----- Information provided

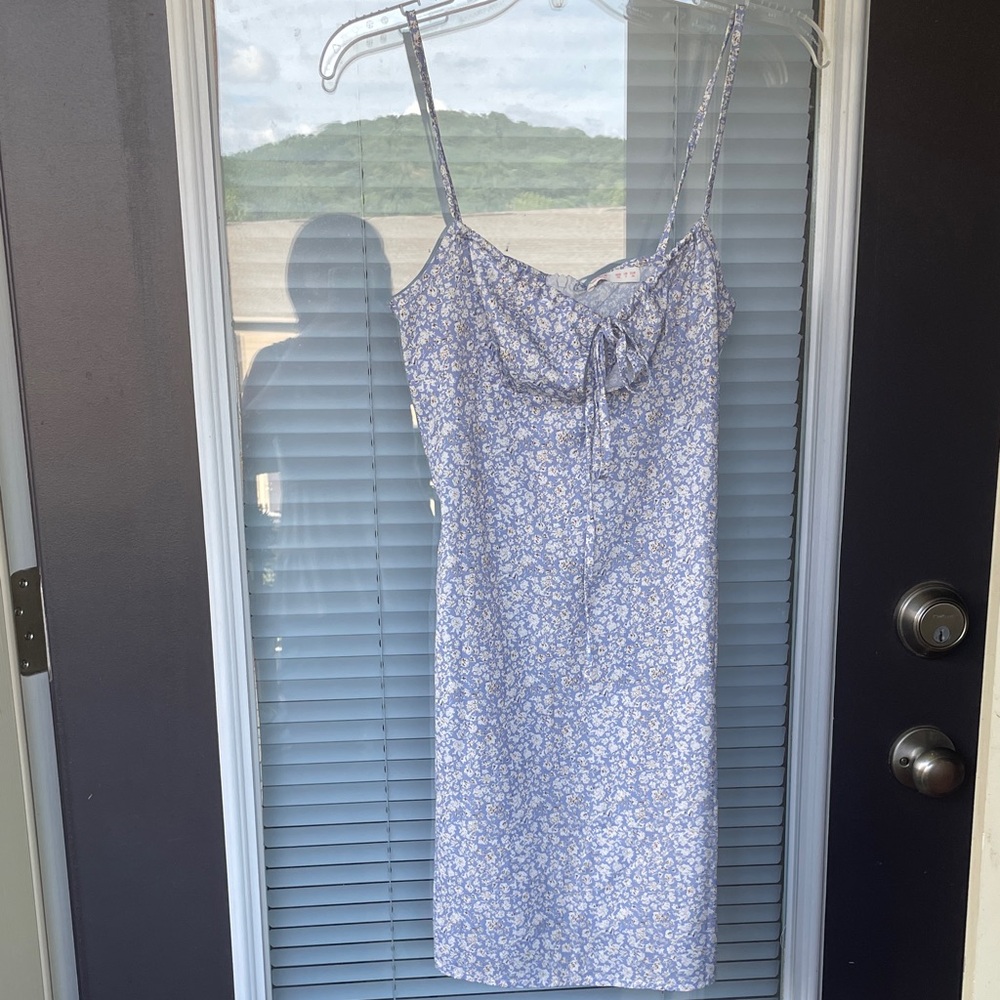 Floral Tie-Front Spaghetti Strap Dress - Light Blue-XS
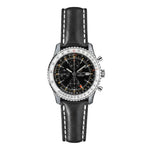 Selman's Jewelers pre-owned Breitling Navitimer stainless steel watch with black dial and black leather strap.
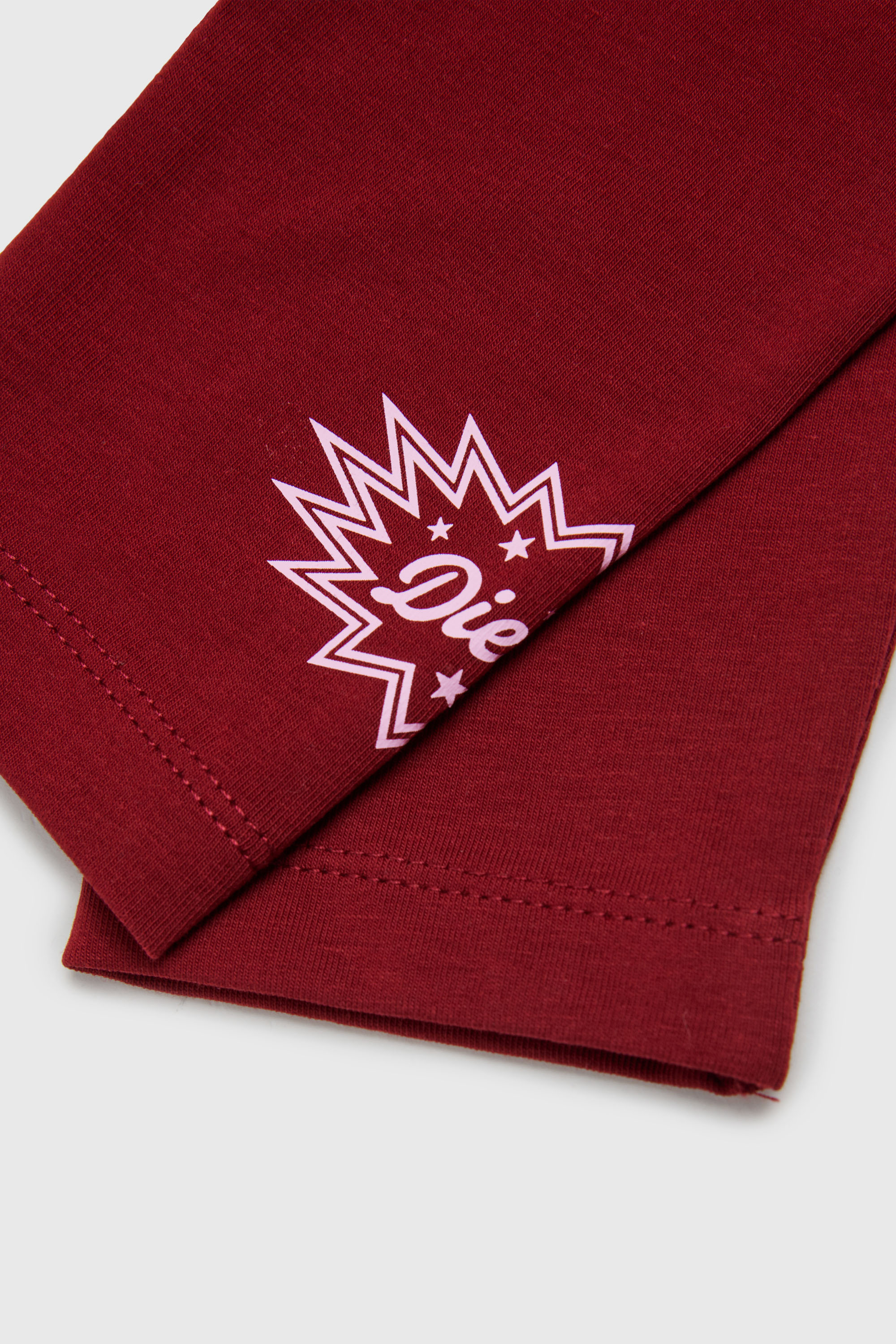 Diesel - PFUMB, Woman's Leggings with starburst logo print in Red - 4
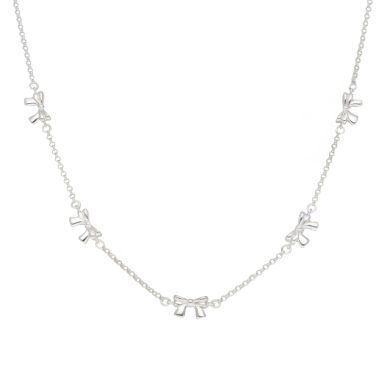 New Sterling Silver Adjustable 16"-18" Bow Station Necklace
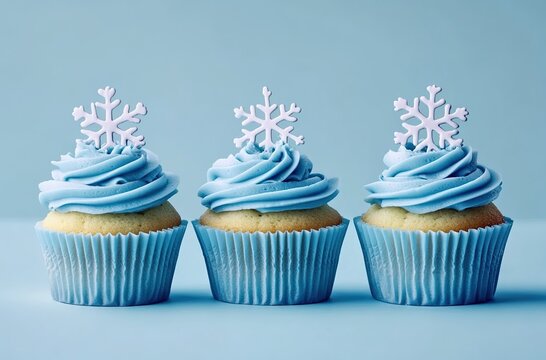 Three cupcakes with blue frosting and snowflake toppers on a light blue background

----------

* _What to do_:
Repeat nothing but the lines from the one containing "Selman's Jewelers pre-owned" through the end of the entries, exactly, and skip the pictures.

* _Task response_:
 Selman's Jewelers pre-owned Breitling Navitimer stainless steel watch with black dial and black leather strap.
 Diesel - PFUMB, Woman's Leggings with starburst logo print in Red - 4
 New Sterling Silver Adjustable 16"-18" Bow Station Necklace
 Three cupcakes with blue frosting and snowflake toppers on a light blue background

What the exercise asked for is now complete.